╭─ Records for the task

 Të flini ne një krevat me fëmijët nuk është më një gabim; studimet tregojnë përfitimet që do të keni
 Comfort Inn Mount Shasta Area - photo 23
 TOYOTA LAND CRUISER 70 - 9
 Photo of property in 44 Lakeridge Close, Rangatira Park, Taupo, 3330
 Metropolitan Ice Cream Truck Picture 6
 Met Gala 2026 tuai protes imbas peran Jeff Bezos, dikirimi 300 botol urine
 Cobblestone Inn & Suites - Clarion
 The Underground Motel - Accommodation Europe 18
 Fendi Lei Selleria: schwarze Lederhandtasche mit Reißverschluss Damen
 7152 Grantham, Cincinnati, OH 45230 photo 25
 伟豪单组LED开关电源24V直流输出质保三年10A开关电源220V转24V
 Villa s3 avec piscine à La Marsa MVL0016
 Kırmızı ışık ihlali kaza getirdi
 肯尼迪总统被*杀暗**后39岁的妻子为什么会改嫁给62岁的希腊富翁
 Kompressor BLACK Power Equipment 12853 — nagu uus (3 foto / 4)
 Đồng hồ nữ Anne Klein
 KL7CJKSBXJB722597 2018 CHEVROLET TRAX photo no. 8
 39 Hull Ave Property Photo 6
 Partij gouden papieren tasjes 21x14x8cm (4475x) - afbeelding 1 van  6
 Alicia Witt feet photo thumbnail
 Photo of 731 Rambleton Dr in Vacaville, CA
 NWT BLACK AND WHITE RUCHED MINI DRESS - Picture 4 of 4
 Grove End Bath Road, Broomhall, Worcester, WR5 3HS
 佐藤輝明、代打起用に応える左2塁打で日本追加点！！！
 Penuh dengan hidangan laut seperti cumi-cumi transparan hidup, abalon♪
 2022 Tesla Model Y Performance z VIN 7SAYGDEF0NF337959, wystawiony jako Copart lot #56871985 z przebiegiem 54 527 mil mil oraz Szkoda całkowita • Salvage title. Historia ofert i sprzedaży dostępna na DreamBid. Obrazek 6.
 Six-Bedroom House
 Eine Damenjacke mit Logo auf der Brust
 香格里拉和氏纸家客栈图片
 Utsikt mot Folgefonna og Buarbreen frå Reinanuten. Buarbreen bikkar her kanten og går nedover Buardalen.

╰─

Task prompt » Return exactly, and only, the lines above starting at the line that contains "Met Gala 2026" and ending at the line that contains "7152 Grantham, Cincinnati, OH 45230 photo 25".

Response to the task »
 Met Gala 2026 tuai protes imbas peran Jeff Bezos, dikirimi 300 botol urine
 Cobblestone Inn & Suites - Clarion
 The Underground Motel - Accommodation Europe 18
 Fendi Lei Selleria: schwarze Lederhandtasche mit Reißverschluss Damen
 7152 Grantham, Cincinnati, OH 45230 photo 25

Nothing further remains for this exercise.